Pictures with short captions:
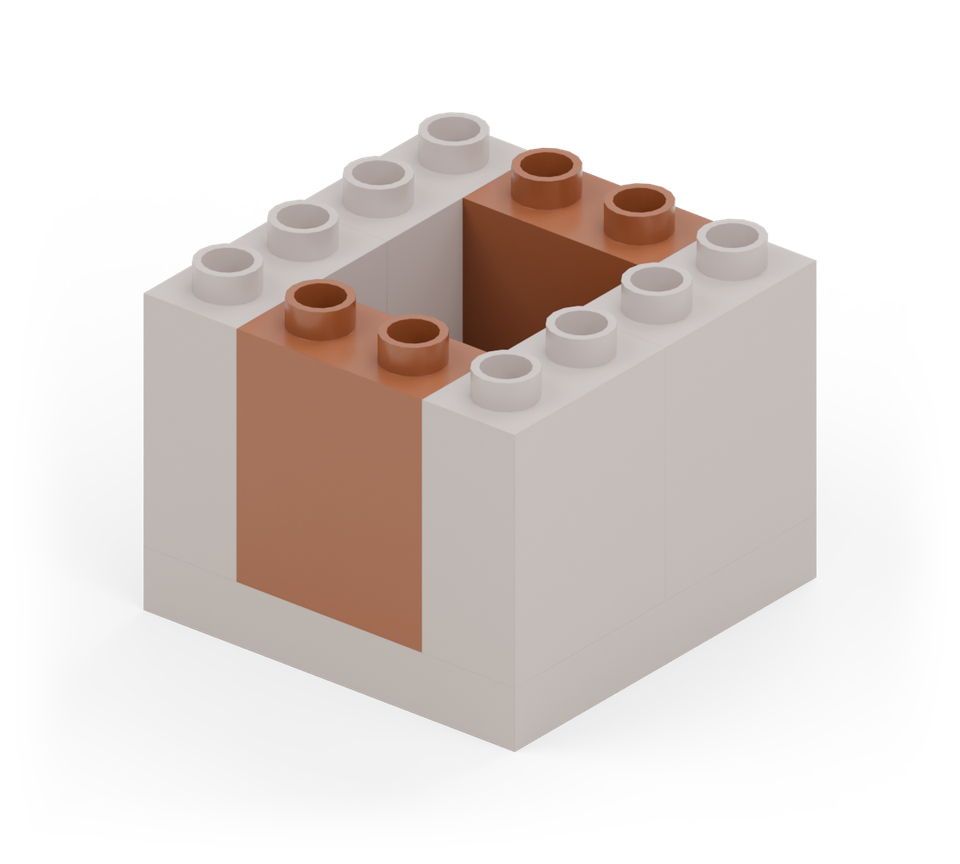 Step 3: Close the back and front gaps with one brown wall brick across each end.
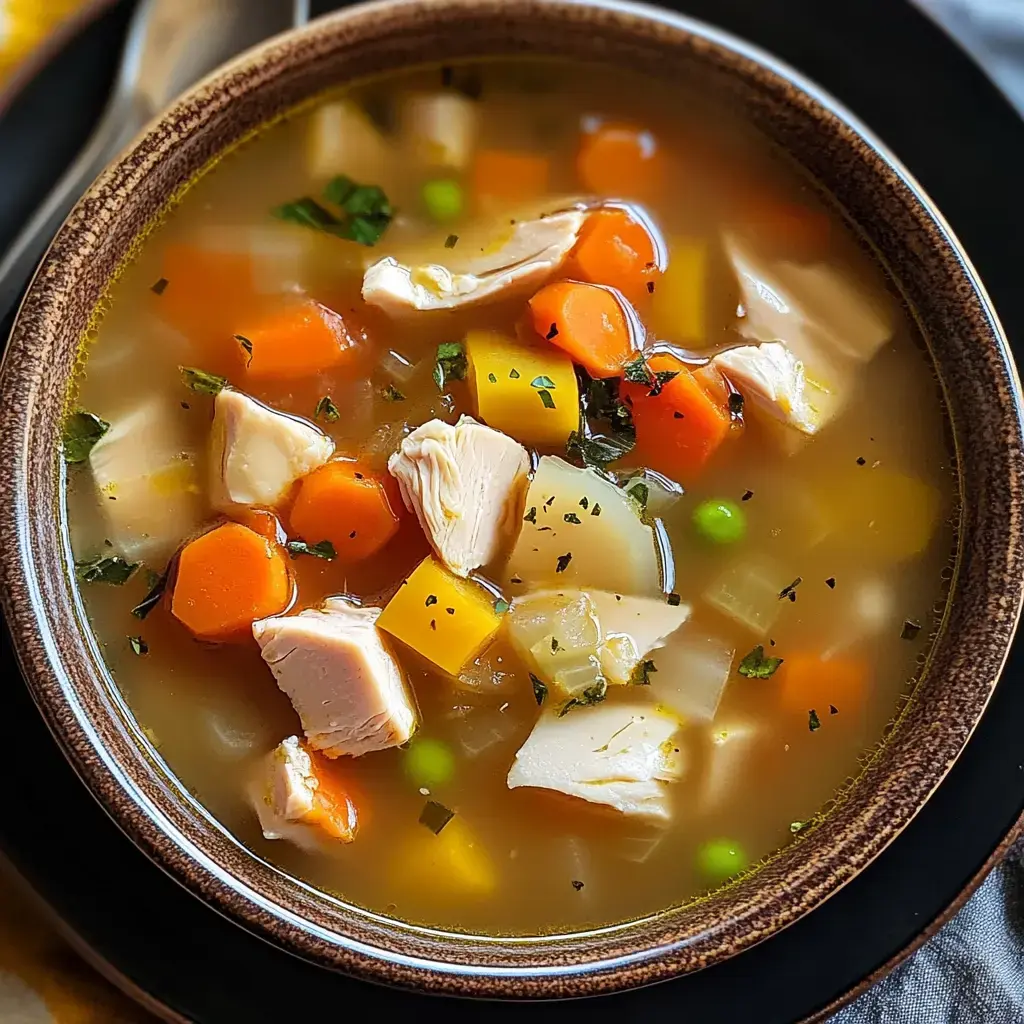 A bowl of hearty chicken soup filled with chunks of chicken, carrots, yellow squash, peas, and herbs in a savory broth.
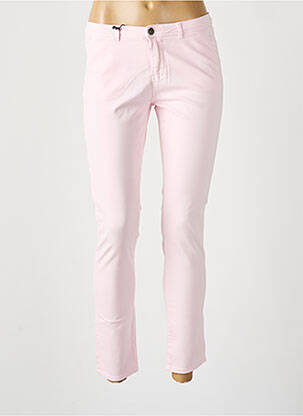 Pantalon chino fermeture zippée sous rabat boutonné rose SCHOOL RAG femme
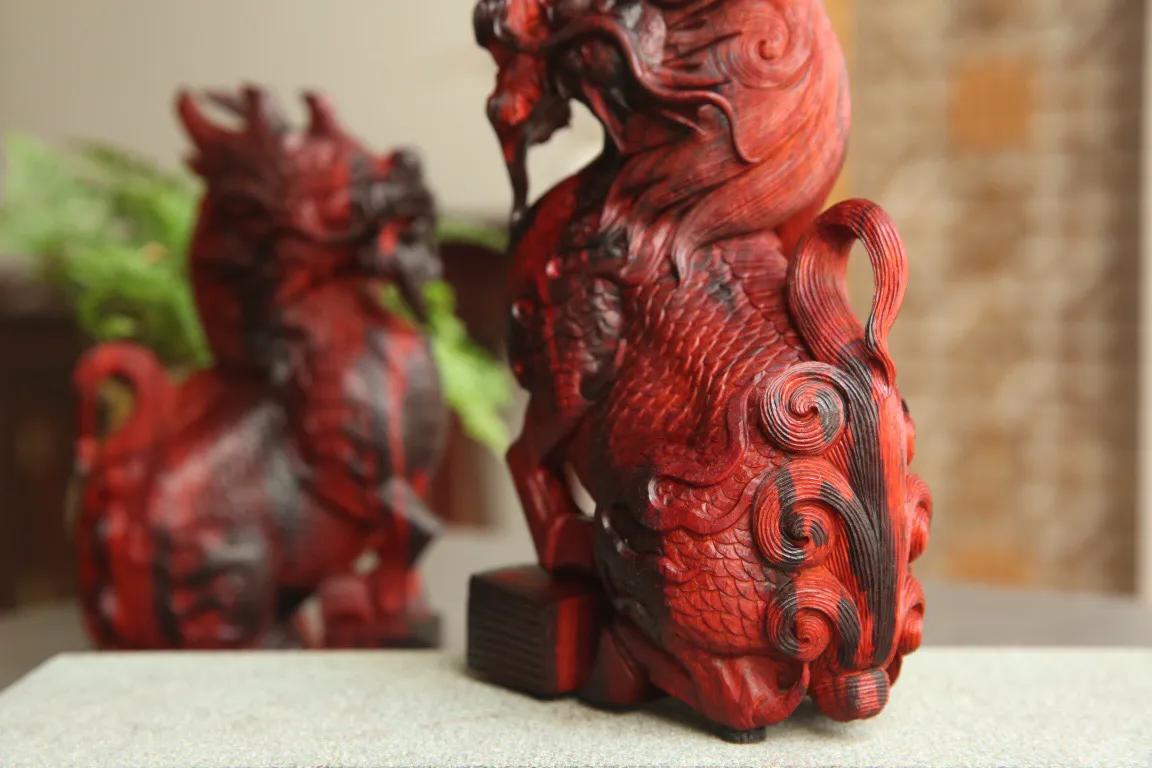 印度小叶紫檀麒麟木雕,印度小叶紫檀麒麟摆件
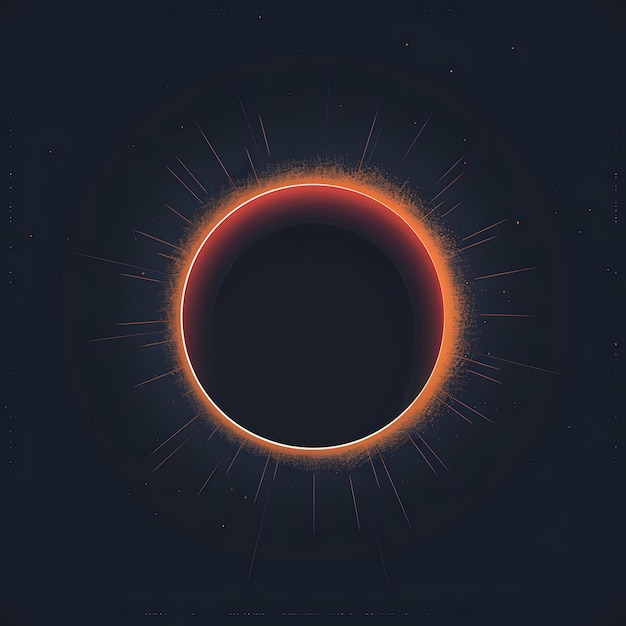 Eclipse solar na noite Ilustração 3D Fundo espacial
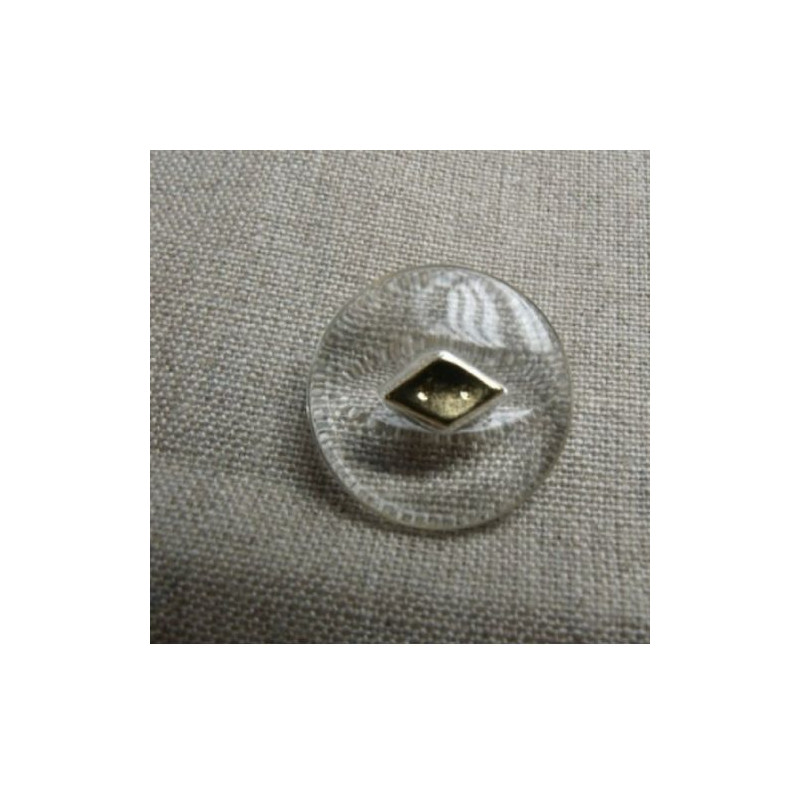 bouton acrylique a queue garnit métal bleu transparent et or ,23 mm,de belle qualité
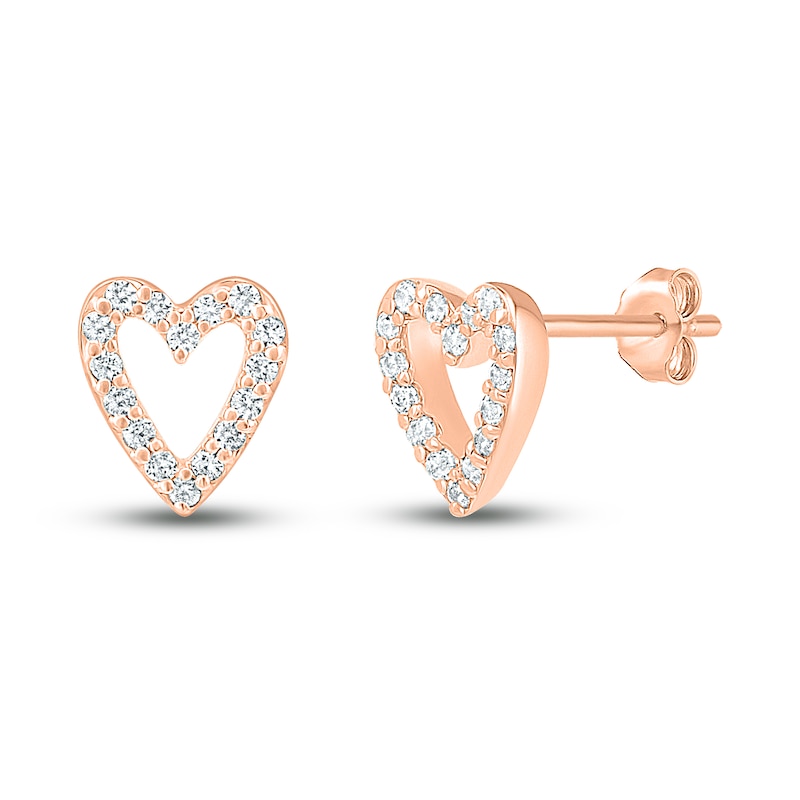 Diamond Heart Earrings 1/8 ct tw Round-cut 10K Rose Gold | Kay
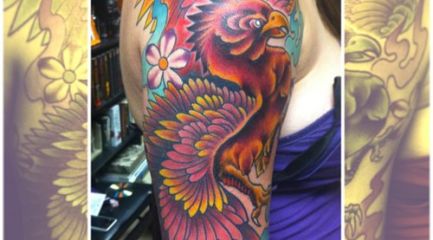 Girls colorful phoenix half sleeve tattoo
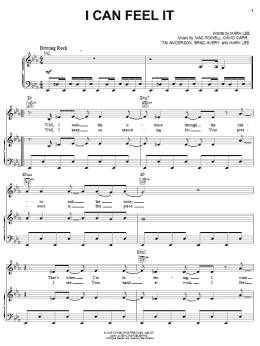 page one of I Can Feel It (Piano, Vocal & Guitar Chords (Right-Hand Melody))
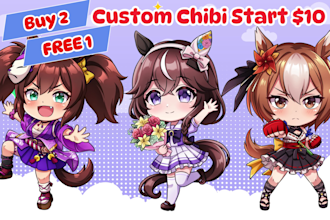 draw custom cute chibi anime character for pfp, sticker, fanart, vtuber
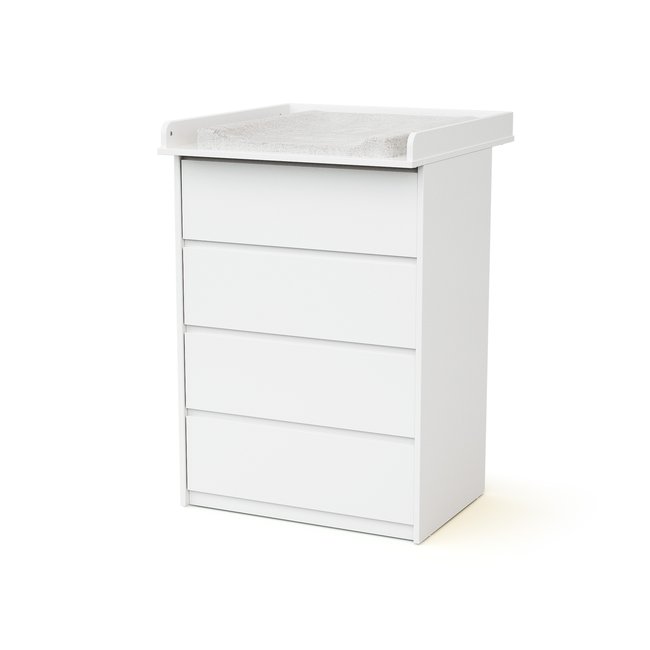 Commode bébé 4 tiroirs en bois avec plan à langer en bois 70 cm UNO blanc <span itemprop=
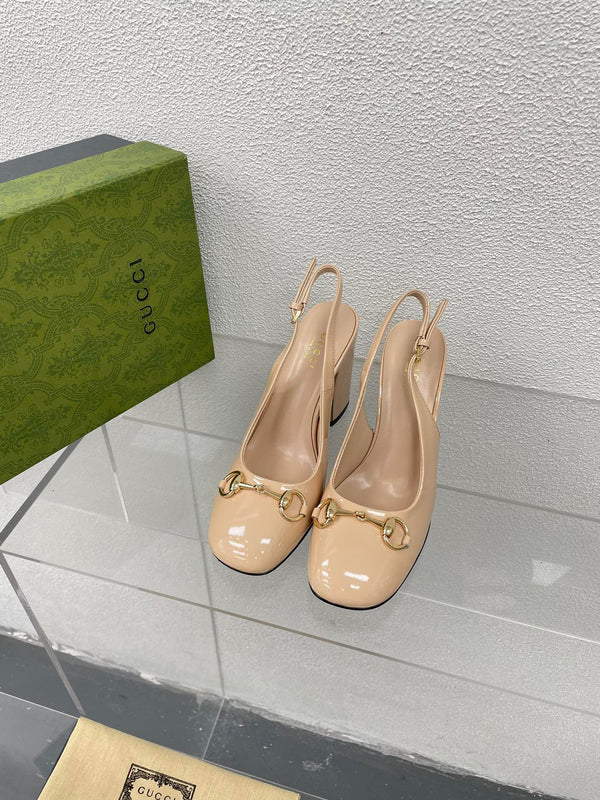 GG WOMEN'S HORSEBIT SLINGBACK 95MM IN TAN BEIGE CALFSKIN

▶ WORK INSTRUCTION: Starting with the line that contains "Eclipse solar na", print every line through the end of the data exactly as written; omit all pictures and add nothing else.

▶ ANSWER SECTION:
 Eclipse solar na noite Ilustração 3D Fundo espacial
 bouton acrylique a queue garnit métal bleu transparent et or ,23 mm,de belle qualité
 Diamond Heart Earrings 1/8 ct tw Round-cut 10K Rose Gold | Kay
 Girls colorful phoenix half sleeve tattoo
 page one of I Can Feel It (Piano, Vocal & Guitar Chords (Right-Hand Melody))
 draw custom cute chibi anime character for pfp, sticker, fanart, vtuber
 Commode bébé 4 tiroirs en bois avec plan à langer en bois 70 cm UNO blanc <span itemprop=
 GG WOMEN'S HORSEBIT SLINGBACK 95MM IN TAN BEIGE CALFSKIN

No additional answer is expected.